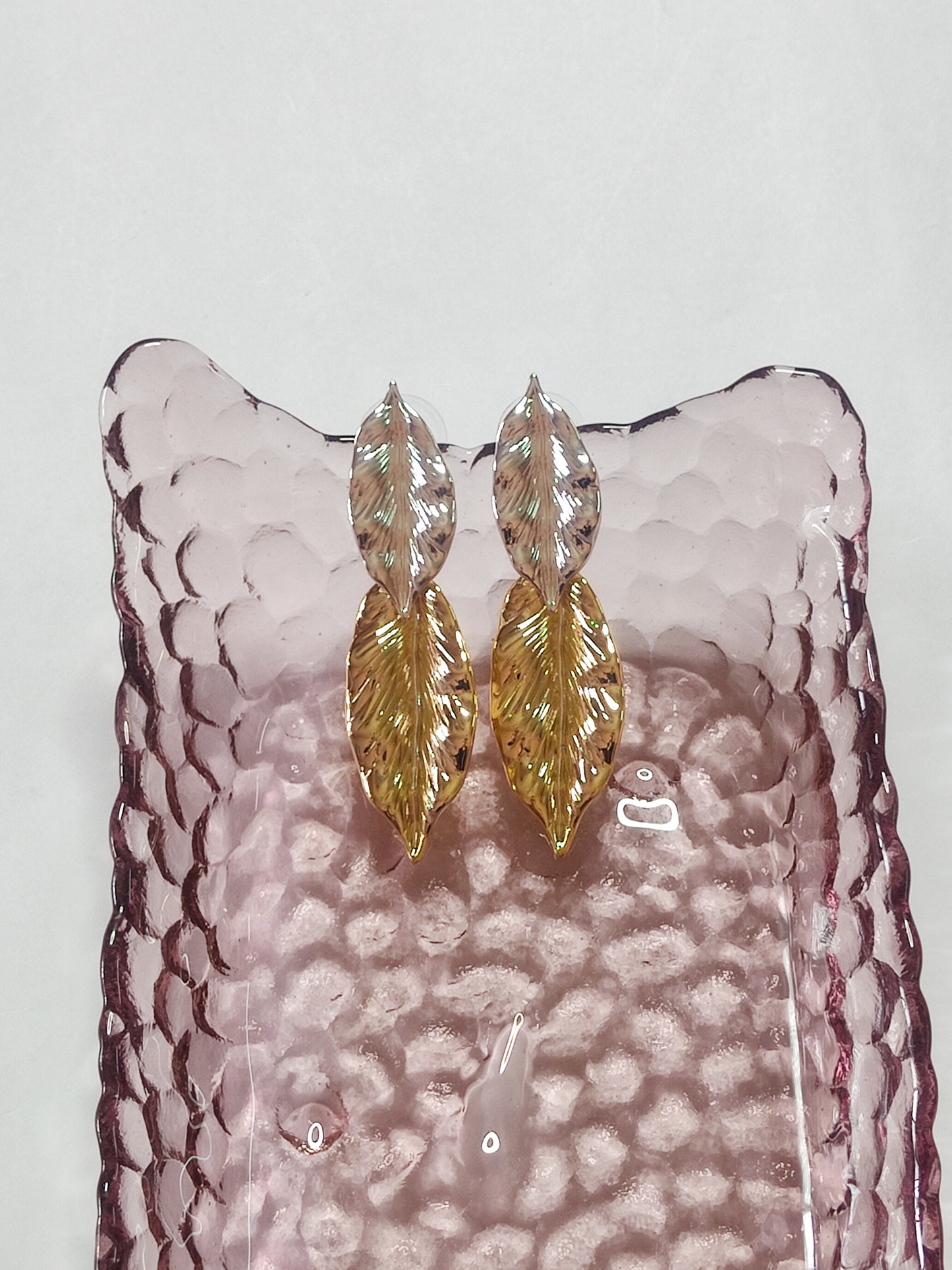 296 Gold & Silver Dual Leaf Danglers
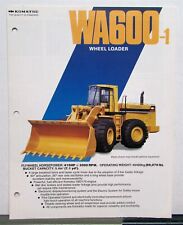 1986 Komatsu WA600-1 Wheel Loader Specifications Construction Sales Brochure picture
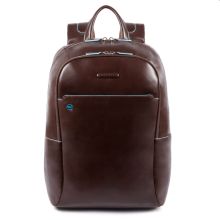 Piquadro Blue Square Big Size Computer 15.6" Backpack With iPad Pro 9.7" / iPad 11" Mahogany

§ §

Description of the task
Reproduce exactly and only the lines from the line that contains "1986 Komatsu WA600-1" to the end of the data above, both ends included. No pictures go in the copy.

Completed task
 1986 Komatsu WA600-1 Wheel Loader Specifications Construction Sales Brochure picture
 Piquadro Blue Square Big Size Computer 15.6" Backpack With iPad Pro 9.7" / iPad 11" Mahogany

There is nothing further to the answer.